Instructions for the task:
When you find the line with "Charter Print S/S" among the records below, reproduce it and each line after it exactly, ending with the line with "Lot of two brass soliflore vases".

Provided records:
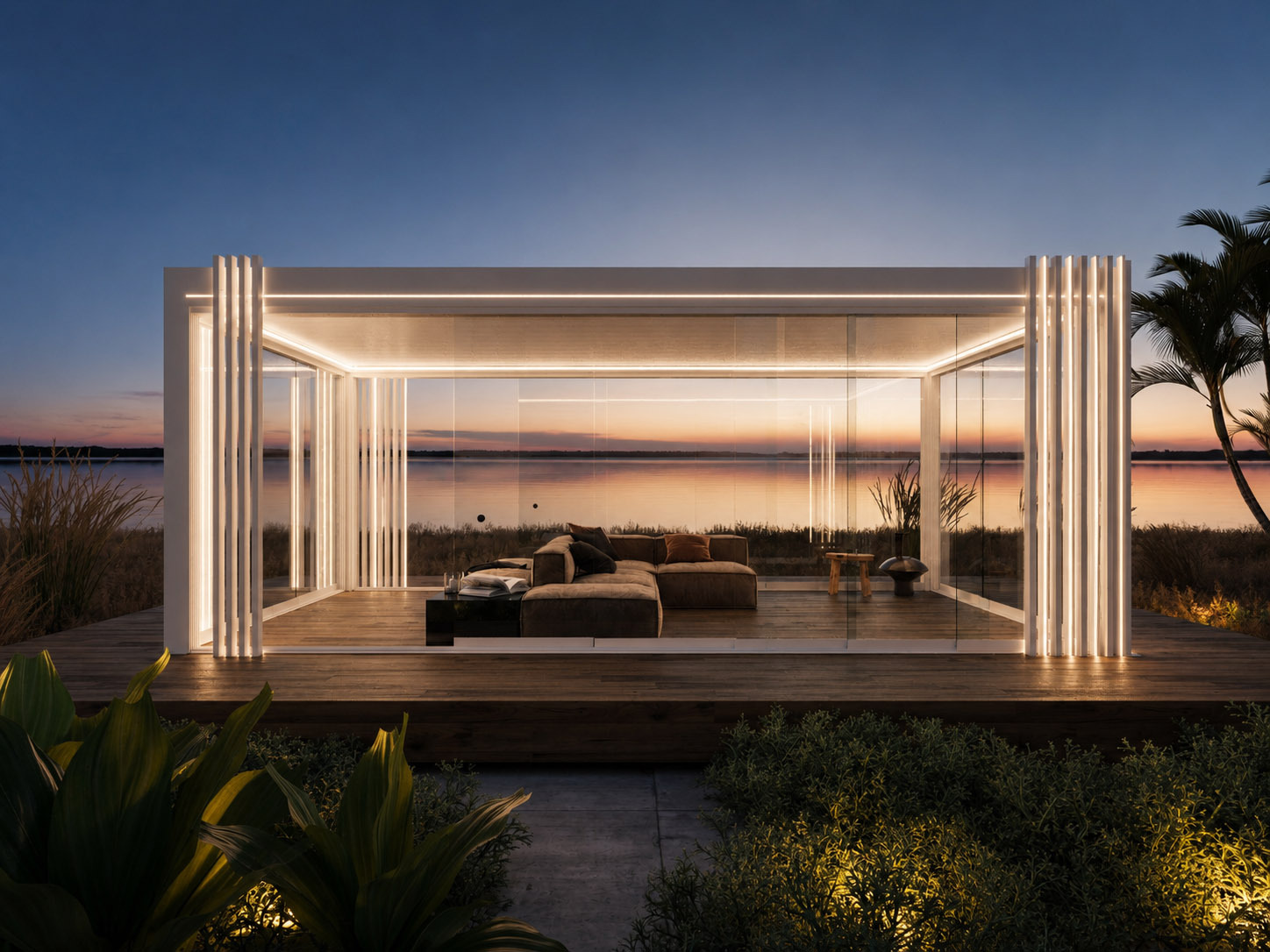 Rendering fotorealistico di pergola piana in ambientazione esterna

* * *

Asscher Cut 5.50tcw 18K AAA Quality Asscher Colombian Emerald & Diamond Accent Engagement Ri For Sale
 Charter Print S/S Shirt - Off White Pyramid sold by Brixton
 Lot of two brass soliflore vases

---

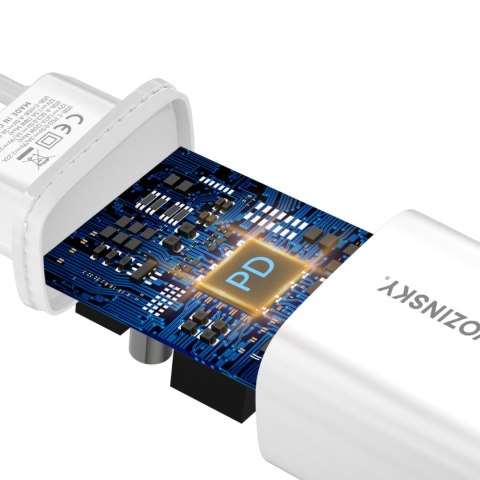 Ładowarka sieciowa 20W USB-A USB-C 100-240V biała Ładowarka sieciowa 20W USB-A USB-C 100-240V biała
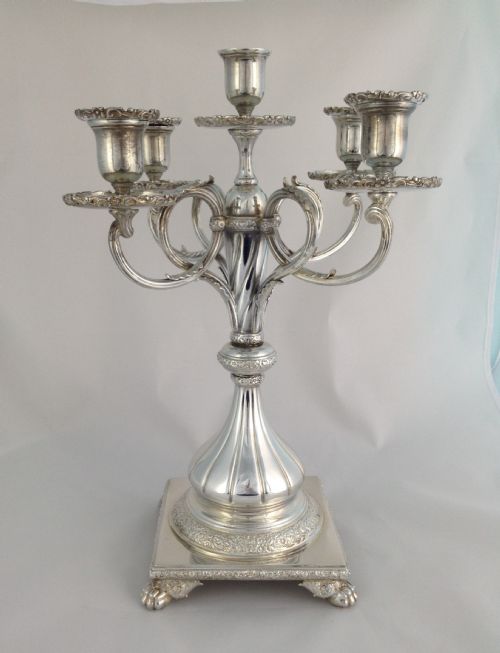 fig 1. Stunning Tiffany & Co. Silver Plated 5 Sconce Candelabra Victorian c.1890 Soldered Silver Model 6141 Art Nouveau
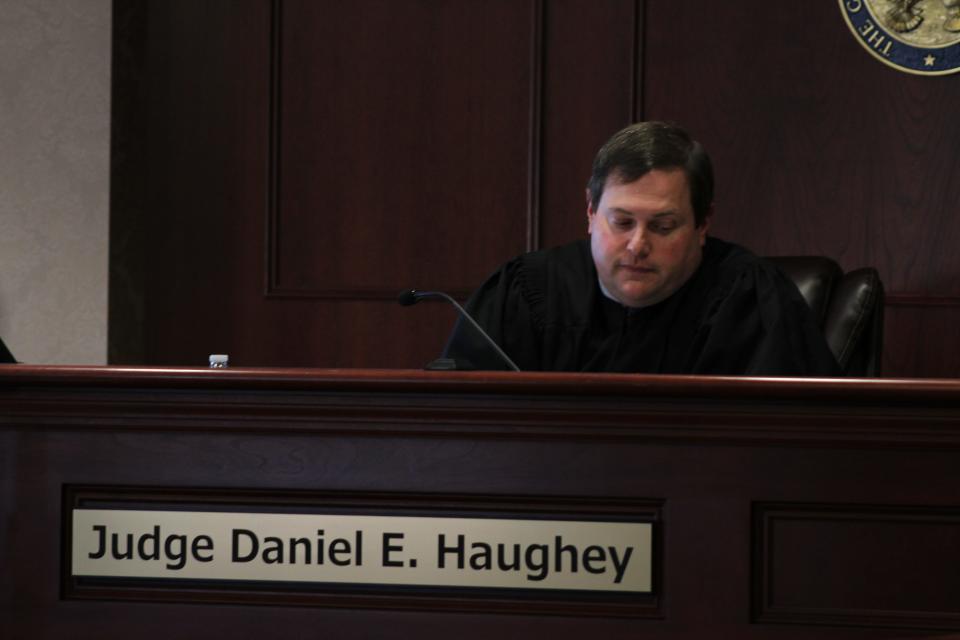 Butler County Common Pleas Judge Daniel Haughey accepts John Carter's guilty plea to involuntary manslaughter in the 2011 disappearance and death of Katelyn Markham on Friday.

Output of the task:
 Charter Print S/S Shirt - Off White Pyramid sold by Brixton
 Lot of two brass soliflore vases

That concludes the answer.